Task to carry out:
Starting at the line that contains "Decorative LED Ceiling" and ending at the line that contains "Monarch Accent table", the lines below are to be given again exactly, with nothing added.

Records for this task:
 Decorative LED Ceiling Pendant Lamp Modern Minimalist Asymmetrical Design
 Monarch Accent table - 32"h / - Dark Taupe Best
==
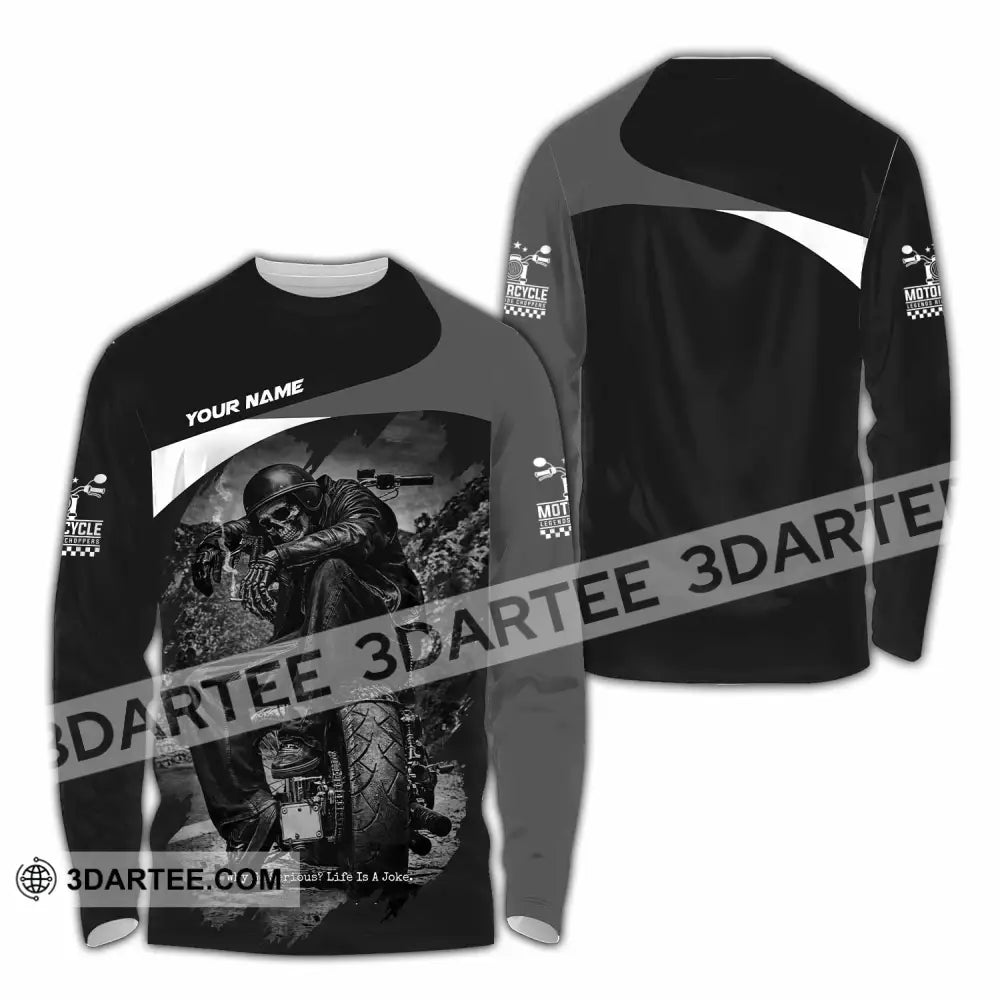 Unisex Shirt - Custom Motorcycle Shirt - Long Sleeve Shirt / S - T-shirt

Response to the task:
 Decorative LED Ceiling Pendant Lamp Modern Minimalist Asymmetrical Design
 Monarch Accent table - 32"h / - Dark Taupe Best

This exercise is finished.